SemMedDB Novelty?
Should we ponder if/how we might leverage this "Novelty" idea in SemMedDB?
https://togithub.com/NCATSTranslator/minihackathons/issues/313 (non-autoreferencing link)
Thanks for bringing this to my attention. Do you know if they are talking about SUBJECT_NOVELTY and OBJECT_NOVELTY scores as defined on the SemMedDB Database Download page?
I do not know. The way the conversation went, I did not understand that there were two. I assumed (apparently incorrectly) that each assertion had one Novelty score. I don't know much about it.
Looks like they are talking about SUBJECT_NOVELTY and OBJECT_NOVELTY scores. Andrew mentions the score of 1 in relation to the object cytokine and if you look at the json he posted you can see it under the attributes of this node.

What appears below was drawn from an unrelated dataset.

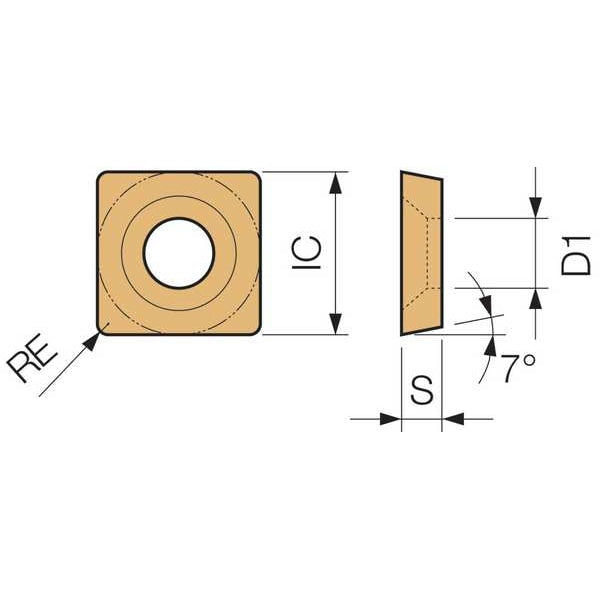 Square Turning Insert, CVD Carbide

Let's keep #1551 in mind when addressing this issue
And #1658
Current status: Finn says that these novelty scores are in KG2, but perhaps not in KG2C, so asking @amykglen if they are, and if so, how to access them.
Then it's reasoning team's responsibility to handle these in the ranker and incorporate in #1695
what are the properties containing these scores called in KG2pre? are they subject score and object score (that appear under publications_info)? (@saramsey, @acevedol) if so, those are already in KG2c and are loaded into TRAPI attributes. if not, then they're not yet in KG2c. but could be added with a little more info.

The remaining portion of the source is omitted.